Iran

Saudi Arabia, U.S. on High Alert After Warning of Imminent Iranian Attack

Saudi Arabia, U.S. on High Alert After Warning of Imminent Iranian Attack

Saudis said Tehran wants to distract from local protests, and the National Security Council said the U.S. is prepared to respond

Saudi Arabia has shared intelligence with the U.S. warning of an imminent attack from Iran on targets in the kingdom, putting the American military and others in the Middle East on an elevated alert level, said Saudi and U.S. officials

In response to the warning, Saudi Arabia, the U.S. and several other neighboring states have raised the level of alert for their military forces, the officials said. They didn’t provide more details on the Saudi intelligence.

Saudi officials said Iran is poised to carry out attacks on both the kingdom and Erbil, Iraq, in an effort to distract attention from domestic protests that have roiled the country since September.

The White House National Security Council said it was concerned about the warnings and ready to respond if Iran carried out an attack.

“We are concerned about the threat picture, and we remain in constant contact through military and intelligence channels with the Saudis,” said a National Security Council spokesperson. “We will not hesitate to act in the defense of our interests and partners in the region.”

Iran has already attacked northern Iraq with dozens of ballistic missiles and armed drones since late September, one of which was shot down by a U.S. warplane as it headed toward the city of Erbil, where American troops are based. Tehran has publicly blamed what it calls Iranian Kurdish separatist groups based there for fomenting the unrest at home.

Iranian authorities have also publicly accused Saudi Arabia, along with the U.S. and Israel, of instigating the demonstrations. Last month, the commander of Iran’s Islamic Revolutionary Guard Corps publicly warned Saudi Arabia to rein in coverage of the protests in Iran by Farsi-language satellite news channels, including Iran International, a Saudi-backed satellite television channel based in London popular with many Iranians.

“This is our last warning, because you are interfering in our internal affairs through these media,” Maj. Gen. Hossein Salami said in remarks reported in state media at military drills in Iran’s East Azerbaijan province. “You are involved in this matter and know that you are vulnerable.”

The unrest in Iran has occurred almost daily for several weeks, and more than 200 have been killed and over 1,000 arrested in the government’s response.

Iran’s state news agency IRNA called Iran International “a network formed by Saudi Arabia in 2017 in London” that “adopts a completely anti-Iran approach.” The channel has used social media and its satellite broadcasts to show videos of Iranian protests and police crackdown since the widespread unrest in Iran began.

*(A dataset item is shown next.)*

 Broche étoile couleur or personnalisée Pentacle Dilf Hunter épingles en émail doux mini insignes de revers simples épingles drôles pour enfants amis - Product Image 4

Authorities have struggled to quell the unrest that has occurred almost daily since the death on Sept. 16 of a young woman in police custody for allegedly violating Iran’s strict rules on how women dress in public. More than 200 have been killed and over 1,000 arrested in the government’s response to demonstrations that began as a defiant call for women’s rights and have transformed into a movement demanding the downfall of the Islamic Republic.

As the unrest spread, Iranian officials have blamed Iran’s foes for inciting the unrest. Such unsupported claims are a familiar tactic for the regime, which has blamed Iran’s adversaries during previous domestic protests against the regime.

The U.S. and Saudi Arabia accused Iran of carrying out a drone and missile attack on the kingdom in 2019 that targeted the country’s oil industry. Iran denied carrying out the attack.

The latest threat to Saudi Arabia comes amid strained ties between the Biden administration and Riyadh over the kingdom’s recent moves on oil production. The Saudi-led OPEC+ decided to cut oil production last month, raising crude prices at a time of high inflation and just before the U.S. midterm elections, despite U.S. pleas to hold off.

The White House has said President Biden wants to review whether the Saudi relationship is serving U.S. national security interests. But the U.S. is unlikely to abandon Saudi Arabia as it would also risk Washington’s counterterrorism operations, efforts to contain Iran and Israel’s deeper integration into the region.